Once you've determined your break-even point, you can decide on a price range for your new property and create a "shopping list" of qualities your new location must have, including size. Because each property is unique, prioritizing your needs and desires will help you soberly evaluate a site. Knowing your customers' demographics and shopping needs is imperative for deciding priorities. At this point, Bertoli says, a commercial real estate agent can help you find properties that fit your needs, even properties that aren't yet on the market. He or she can also help by filling you in on important demographic details about the area you're considering.
Jay Jacobowitz, president of Retail Insights, a Brattleboro, Vt.-based consulting firm for the naturals industry, says to look for favorable adjacent retail partners and lots of windows to bring in natural light. He also recommends driving by the site to test whether the store will be easy to see from the street, convenient to go in and out of, and located in a part of town customers will feel comfortable visiting. Make sure you are really getting a "vanilla box," he says, meaning a bare, blank, empty, ready-for-fit-up space that will not cost you money to deconstruct. Likewise, Bertoli advises retailers to investigate zoning rules to make sure they know what kind of exterior signage will be allowed.
Parking space, a seemingly trivial factor, plays a strong role in determining store-traffic volume. Jeff Hills opened a supplements store called Healthy Appetites in downtown Plymouth, Mass., in 1996, but soon realized the lack of available parking downtown was stunting his store's growth. Customers would circle the block a few times looking for parking, then get frustrated and drive to another store farther away. Hills moved his store to a spot with more parking in 1999 and soon saw a significant jump in business. "We learned that you can't take care of your customers until you've taken care of their cars," Hills says.
Once you've found a possible site, a market analysis of the surrounding area will help determine the possibility of the new store's success—and possibly save you from investing in a flop. "People really like to shoot from the hip here," Jocobowitz says. He insists it's key to analyze the market and real estate opportunities closely to see if the cost of occupancy in that particular location will fall within a tolerable range of percentage of your sales, which he suggests is 4 percent to 6 percent for new projects. For an evolutionary expansion of an existing store (moving to a new location up to twice the size of the old one), Jacobowitz says retailers can usually count on about an 18 percent to 20 percent sales increase, which should be added into the calculation.
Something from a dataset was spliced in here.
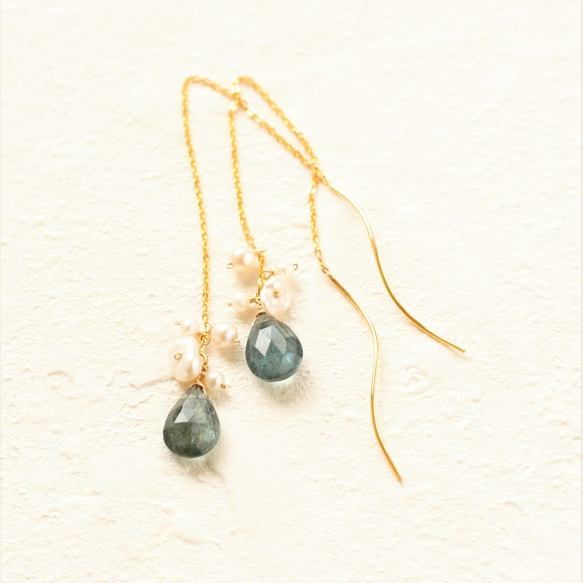 Moss Aqua Marine * Snow Flower Wave耳環March Birthstone 第2張的照片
If the numbers work and it's finally nego?tiation time, a real estate broker or attorney with real estate experience can be helpful in combing through the lease agreement. In addition, here are a few factors, according to Jacobowitz, to watch out for in a lease before you add your John Hancock:
- Ask for the right of first refusal on adjacent spaces.
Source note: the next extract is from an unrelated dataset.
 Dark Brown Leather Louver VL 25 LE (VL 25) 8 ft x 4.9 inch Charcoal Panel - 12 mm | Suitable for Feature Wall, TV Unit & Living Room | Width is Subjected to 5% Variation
- Check that there are covenants against overlapping product lines from adjacent retailers.
- Verify that there are set rates for any option periods so the landlord cannot surprise you with a rent hike.
Another crucial step: Make sure to review the termination rights and default sections of the lease before you sign, Bertoli says.
If you are relocating a store, the status of store fixtures becomes an issue, too. Jacobowitz suggests creating a timeline for moving, and calculating whether it's more expensive for you to close down the old store early so you can move the fixtures, or to fit the new location with all-new fixtures. Planning for these details ahead of time can help avoid headaches later.
Also, at this point in the game, being a "no-wanter" is crucial, Jacobowitz says. "People fall in love with a location or facility, and then they wind up overpaying," he says, "or just not striking as favorable of a deal as they could. And that can be really expensive." Keeping a poker face during the negotiation phase, no matter how excited you are about the new location, can sometimes help you get more for your money. "If you don't stay focused on your checklist and get carried away with emotion, landlords always take advantage of that," Jacobowitz says. But doing your homework and keeping a clear head during the shopping process can result in a smooth transition into a facility that will fit your needs and meet your expectations.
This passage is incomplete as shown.